Dünyada hiçbir ülkenin başbakanının, "köprü yaptık, yol yaptık" diye övünmediğini, bunu ayıp saydığını ifade eden Kemal Kılıçdaroğlu, şunları kaydetti:
"Köprü yapmayan hükümet, yol yapmayan devlet mi var? Onlar neyle övünüyor? Onlar 'biz uzaya araç göndereceğiz, oradan altın, platin madenlerini getireceğiz.' Bakın, hedefe bakın. Peki bilimsel olarak ne yaptın sen? İran üniversitelerinin ürettiği bilgi sayısı senin üniversitelerini geçti. Bu ayıp bile sana yeter.

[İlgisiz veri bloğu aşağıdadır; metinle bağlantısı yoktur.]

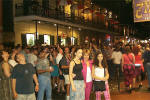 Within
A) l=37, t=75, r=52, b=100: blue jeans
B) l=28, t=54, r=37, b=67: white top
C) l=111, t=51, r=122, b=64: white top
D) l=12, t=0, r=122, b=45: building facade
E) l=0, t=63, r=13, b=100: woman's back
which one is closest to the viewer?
l=0, t=63, r=13, b=100: woman's back

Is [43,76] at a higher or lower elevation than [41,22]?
lower

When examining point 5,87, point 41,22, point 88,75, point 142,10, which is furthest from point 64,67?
point 41,22

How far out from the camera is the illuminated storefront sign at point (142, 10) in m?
9.81

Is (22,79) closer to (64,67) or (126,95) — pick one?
(64,67)

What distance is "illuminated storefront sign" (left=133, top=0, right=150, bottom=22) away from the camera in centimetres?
981

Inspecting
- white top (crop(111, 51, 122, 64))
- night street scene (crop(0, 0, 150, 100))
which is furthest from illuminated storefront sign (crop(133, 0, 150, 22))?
white top (crop(111, 51, 122, 64))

Bütün bu söylediklerine aslında inanmadığını aslında bir cümle ile gösteriyor. Şöyle diyor: 'yoksullukla, yolsuzlukla, yasaklarla mücadele etmek en önemli hedeflerimiz arasında olmaya devam edecek.' Maşallah, maşallah. Yolsuzlukla mücadele edecek, keşke bunu söylemeseydin Recep Bey. Çünkü daha önce söylediklerinin tamamını yalanladın bununla. Yolsuzlukla sen mücadele edebilir misin? Mümkün değil. Devleti soyan adam yolsuzlukla mücadele edebilir mi? Aile boyu yolsuzluk yapan adam yolsuzlukla mücadele edebilir mi? Ama size bir sır daha vereyim, kimse duymasın. 3 M'den yararlanıyor. Birinci M, mahkeme. Adliye elinde ya. Birisine kızdı mı, atın içeriye. İkinci M, maliye. Üçüncü M, medya. Kızdın mı linç kampanyası başlatılıyor. 3 M'ye sağınmış bir iktidar. Bu ülkeye huzuru, barışı kardeşliği getirmek benim namus borcumdur, ben bunu yapacağım."